How To Fix 5 Typical Deadlift Mistakes You Might Be Making

WRITTEN BY John Warburton

I love deadlift day. I’m sure you do, too. That’s why I thought to talk to you about fixing 5 typical deadlift mistakes you might be making.

It is by far my favorite day of the week. It is a great lift and one of the best lifts you can perform for the posterior chain and overall muscular and strength development.

However, you need to respect the deadlift, lose the ego and learn to walk before you run.

You can do this by building solid strength and technique foundations. At the same time, don’t be afraid to deadlift. The deadlift itself is not bad for you; rather, poor deadlift technique is.

There is one big thing that all the top deadlifters in the world have in common, and that is they have a solid setup. The setup is an integral part of the deadlift and one that I see many people get wrong, both in the gym and at powerlifting competitions.

Regardless of how much weight you lift, if you are doing so with poor technique, you are NOT reaching your true potential. You will not have a long and successful lifting career, whether you are a competitive powerlifter or a weekend warrior.

First, I want to say there is no ONE way to deadlift. Your body and your lever length will dictate the optimal position from which you’ll pull, but basically, you are looking for the bar to travel in a vertical line over the midfoot.

Below is a list of some of the most common deadlift mistakes I see people make and how they can be corrected.
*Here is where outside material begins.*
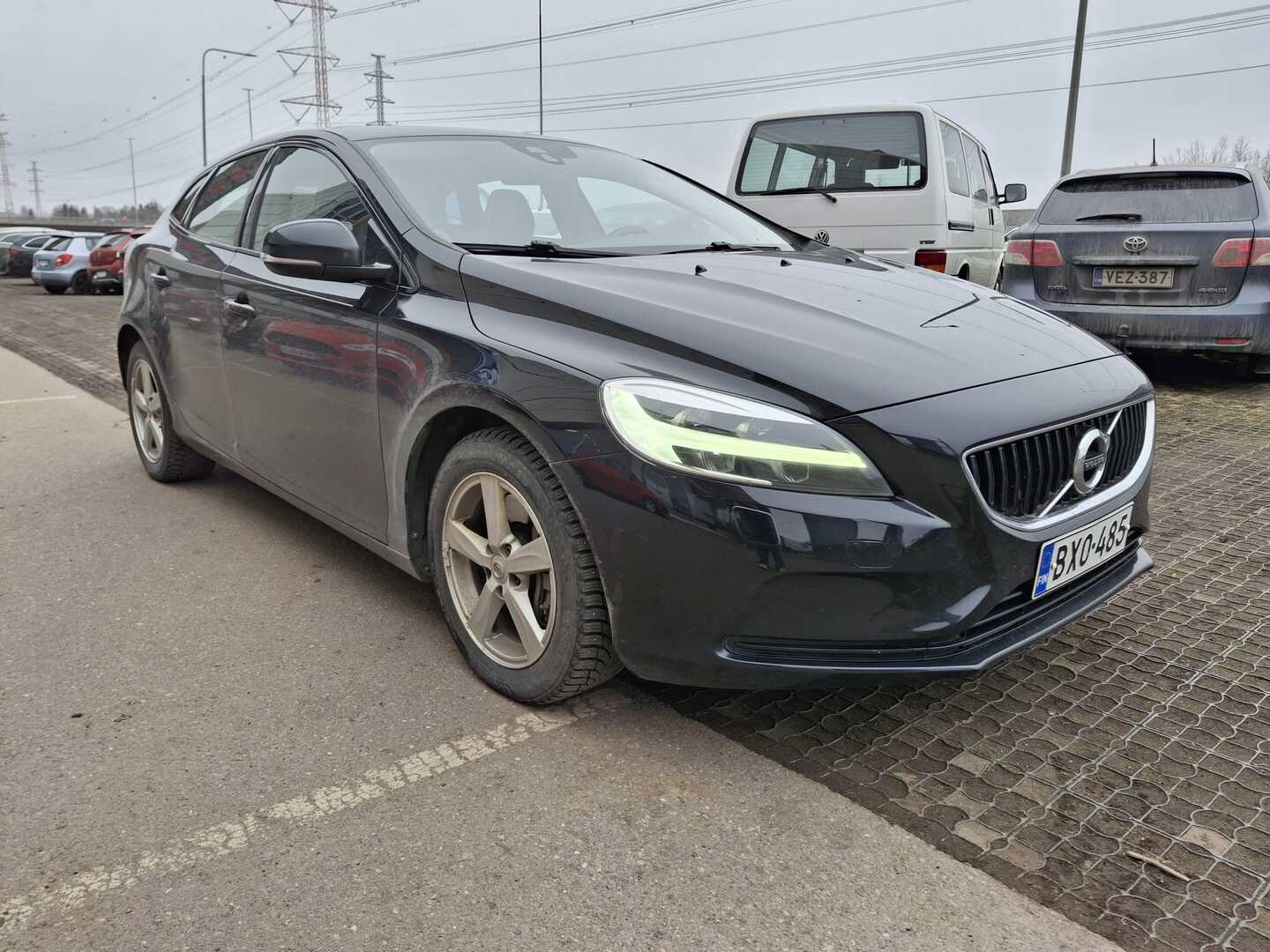 VOLVO V40 2020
Bar moving forward, putting your weight too far forward on the balls of your feet

The deadlift is not a squat (shocker), yet a common mistake is to drop the hips too low like a squat. The problem is:

  • When you do this, your knees move too far forward, your shins push the bar out and the weight moves a few inches forward of your midfoot.
  • Your body weight shifts farther forward towards the balls of your feet. You will be in a poor position of balance and a poor position from which to pull.
  • You will not be able to load up the glutes and hamstrings efficiently.
  • You have moved the bar out of the most efficient route, a vertical line, and now have increased your distance for the pull.

 How to stop the bar from moving forward

  • Stand with your midfoot under the bar in about a hip-width stance and with your toes slightly turned out (conventional deadlift). At this point, your shins should not be touching the bar.
  • Think triangle feet. Basically think heel, big toe, and little toe being in contact with the floor at all times – 60 percent heel, 20 percent big toe, 20 percent little toe. This will give you a solid and stable base from which to pull.
  • Push your hips back and start to bend at the knees and grip the bar. Stop lowering your hips when your shins touch the bar. You should feel the tension in the hamstrings and glutes at this point.
  • The bar needs to stay over the midline of the foot and close to the body at all times. Think dragging the bar up the shins.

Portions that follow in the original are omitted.